Silent-Period Locked Averaging
A similar technique, triggered not by a myoclonic jerk but by the onset of an EMG silent period on a background of a tonic contraction, was introduced by Ugawa et al.130 Known as silent-period locked averaging, this technique allows different types of negative myoclonus, including asterixis, to be identified and associated with cortical events.
Spike Averaging
Spike activity associated with different muscular events can be investigated by means of EEG computerized systems with an extra channel for polygraphic signals and displaying the topographic distribution over the scalp of the EMG related-cortical potentials.
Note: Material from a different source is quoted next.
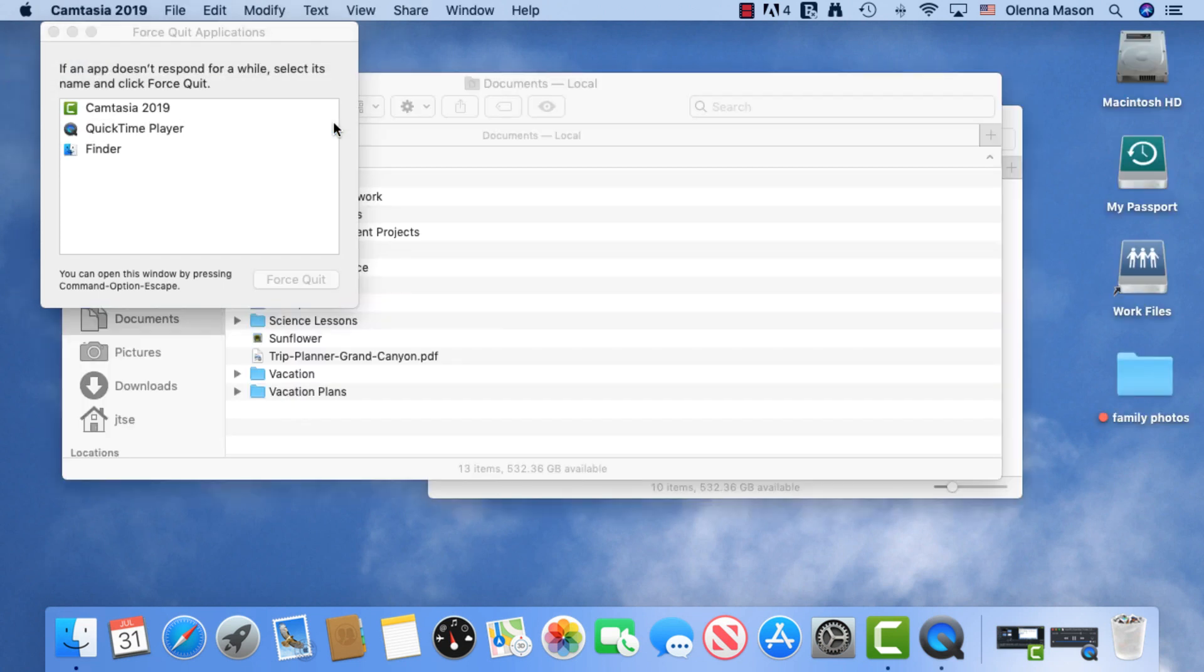We hope these tips help you to get more from the macOS Finder. We invite you to try them out for yourself to see how they work for you.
These techniques have been adopted to investigate paroxysmal activities associated with epileptic negative myoclonus.57,88 Through the finding of a frontal spike component that suggests the involvement of inhibitory frontal areas in the generation of negative motor phenomena (as subsequently demonstrated by intracerebral electrical stimulation86), spike-averaging procedures have demonstrated that spikes associated with epileptic negative myoclonus differ from spikes without epileptic negative myoclonus (Fig. 15).88
Quantitative Analysis of Electromyography
A quantitative analysis of EMG signals can be performed by rectification and integration of EMG wave forms. These techniques allow the area between the EMG tracing and the baseline to be calculated. The area varies according to modification of amplitude, frequency, and duration of the potentials, which provides a quantification of EMG activity.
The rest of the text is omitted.